The API for GPT-4 is currently available via a waitlist, which developers can sign up for to gain access. The API uses the same ChatCompletions API as GPT-3.5-turbo. The company plans to gradually invite developers to access the API in order to balance capacity with demand. Additionally, researchers studying the societal impact of AI or AI alignment issues can apply for subsidized access via the Researcher Access Program.
Once developers gain access, they can make text-only requests to the GPT-4 model, with image inputs still being limited to alpha testing. The model will be automatically updated to the recommended stable version as new versions become available. The current stable version can be pinned by calling gpt-4-0314, which will be supported until June 14. The pricing for the GPT-4 API is $0.03 per 1k prompt tokens and $0.06 per 1k completion tokens. The default rate limits for the API are 40k tokens per minute and 200 requests per minute.

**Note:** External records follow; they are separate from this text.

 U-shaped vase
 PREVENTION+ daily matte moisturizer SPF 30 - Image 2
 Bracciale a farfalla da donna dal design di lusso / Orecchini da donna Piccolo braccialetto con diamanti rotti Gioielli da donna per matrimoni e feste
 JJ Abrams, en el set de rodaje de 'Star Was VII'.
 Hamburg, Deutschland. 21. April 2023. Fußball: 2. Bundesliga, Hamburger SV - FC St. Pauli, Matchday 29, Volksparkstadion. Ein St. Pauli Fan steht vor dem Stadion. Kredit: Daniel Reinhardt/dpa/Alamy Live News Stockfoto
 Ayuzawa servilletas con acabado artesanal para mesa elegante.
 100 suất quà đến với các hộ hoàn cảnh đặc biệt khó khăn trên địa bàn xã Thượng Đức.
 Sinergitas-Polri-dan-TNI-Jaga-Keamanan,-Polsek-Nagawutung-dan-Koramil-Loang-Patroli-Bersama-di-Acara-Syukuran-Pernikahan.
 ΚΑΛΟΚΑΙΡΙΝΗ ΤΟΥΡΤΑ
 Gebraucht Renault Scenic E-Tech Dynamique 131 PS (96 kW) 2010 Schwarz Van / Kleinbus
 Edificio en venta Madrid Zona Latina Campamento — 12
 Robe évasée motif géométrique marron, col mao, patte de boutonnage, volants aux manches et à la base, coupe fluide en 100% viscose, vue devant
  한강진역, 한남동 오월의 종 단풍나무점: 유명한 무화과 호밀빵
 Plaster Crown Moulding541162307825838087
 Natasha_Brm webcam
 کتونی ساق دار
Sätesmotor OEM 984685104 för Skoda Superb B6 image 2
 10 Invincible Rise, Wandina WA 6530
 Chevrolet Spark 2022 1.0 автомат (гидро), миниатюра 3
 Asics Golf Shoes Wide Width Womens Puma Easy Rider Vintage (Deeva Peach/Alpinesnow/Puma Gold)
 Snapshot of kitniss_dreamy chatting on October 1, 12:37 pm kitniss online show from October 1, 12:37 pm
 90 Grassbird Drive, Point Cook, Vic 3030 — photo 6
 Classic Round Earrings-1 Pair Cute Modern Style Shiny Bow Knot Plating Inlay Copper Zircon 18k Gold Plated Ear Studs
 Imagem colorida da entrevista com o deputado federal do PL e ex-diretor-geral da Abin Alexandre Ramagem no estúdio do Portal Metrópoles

The GPT-4 model has a context length of 8,192 tokens, which means that it can take up to 8,192 tokens as input for generating text. Additionally, the company is providing limited access to the 32,768-context version of the model, known as GPT-4-32k, which can take up to 32,768 tokens as input (equivalent to about 50 pages of text). The 32K model will also be updated automatically over time, with the current stable version being gpt-4-32k-0314 and supported until June 14. The pricing for the 32K model is $0.06 per 1k prompt tokens and $0.12 per 1k completion tokens.
The company is still improving the quality of the GPT-4 model for long context and would appreciate feedback on how it performs for different use cases. Requests for the 8K and 32K models are being processed at different rates based on capacity, so developers may receive access to them at different times.